【物件選びの注意点】

(1)広さは60平方メートル前後が価値を保ちやすい

 生涯未婚率や離婚率の上昇、さらに今後加速していく高齢化の影響により、一人暮らし世帯が急増し、ファミリー世帯が減っている。この状況を踏まえると、これまでファミリー用マンションとして考えられていた80平方メートル前後の広めの間取りは、今後の需要が見込みづらいという。
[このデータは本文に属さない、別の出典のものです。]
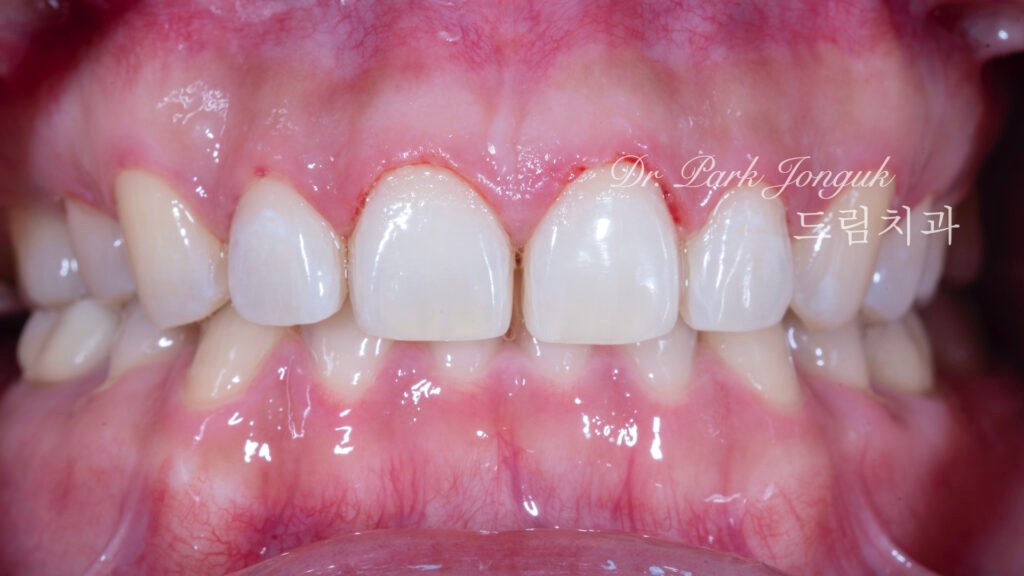 무삭제 라미네이트, No-Prep Laminate, 옥니, Retroclined Teeth, 왜소치, Microdontia, 정중이개, Midline Diastema, 치은 성형, Gingivectomy, 최소 침습, Minimally Invasive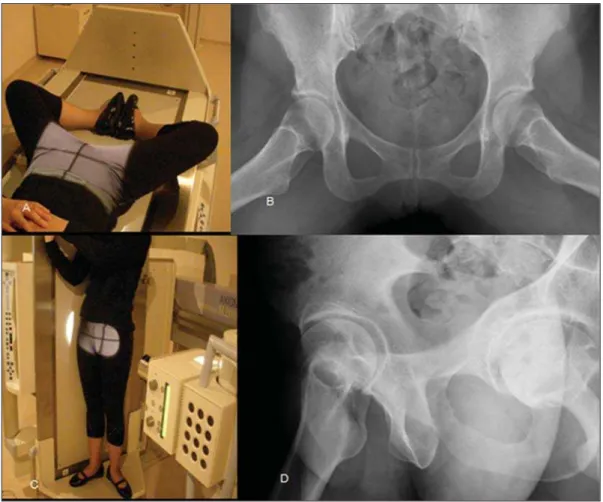 Figure 3. Lauenstein positioning (A) and view (B). Lequesne positioning (C) and view (D).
「これから価値を維持しやすいのは、狭すぎず広すぎない、60平方メートル前後のマンション。一人暮らし世帯、夫婦のみ世帯を中心に、夫婦と子ども1人、夫婦と小さな子ども2人、シニアと幅広い層が住みやすく、価格も手頃な60平方メートル前後が最も売れやすく、貸しやすい」(同)

(2)修繕計画に注意

 中古マンションを選ぶ場合に要注意なのが、修繕計画だ。大規模修繕は、10~15年周期で行われる建物全体に関わる修繕工事で、多額の費用がかかる。そのため、多くのマンションでは向こう20~30年先の修繕計画を立て、修繕積立金としてコツコツと工事費用をためている。だが中には管理組合がうまく機能していない物件もあり、適切な長期修繕計画の見直しが行われていないことがある。日下部さんが言う。

「対応策としては、購入前に修繕計画について事前に確認しておくこと。『修繕計画について教えてください』と尋ね、前回の工事から15年以上経っているのに“予定がない”とのことであれば、理由を聞くこと」

(3)2001年以降に完成した物件を選ぶ

「住宅の品質確保の促進等に関する法律(品確法)」が00年に施行された。これにより、01年ごろからの完成物件は、耐震や省エネルギー、遮音性などといった住宅の基本性能を向上させた物件が多い傾向にあるという。前出の後藤さんが言う。

「今は新築マンションでもチープな作りにする物件が増えているため、むしろ10年ほど前に完成した物件の設備のほうが優れている場合も少なくありません。中古物件を選ぶ際は、01年以降に完成した物件をひとつの目安にするとよいと思います」

(4)掲示板、エントランス、バルコニーは要チェック

 中古マンションの場合、その物件の実態は意外なところにあらわれるという。日下部さんによれば、チェックすべきポイントは【1】掲示板、【2】エントランス付近、【3】バルコニーの三つ。まず【1】掲示板は、その物件が抱えているトラブルが見えやすい場所。例えば騒音、共用部分の使用法やゴミ収集に関する注意喚起がされていたりすると、マナー意識が低い住人に悩まされている可能性もある。【2】エントランス付近は、建物の管理状態が最もあらわれやすい場所。例えば電灯が切れたままになっている、掃除がされていないなどは管理不全である可能性がある。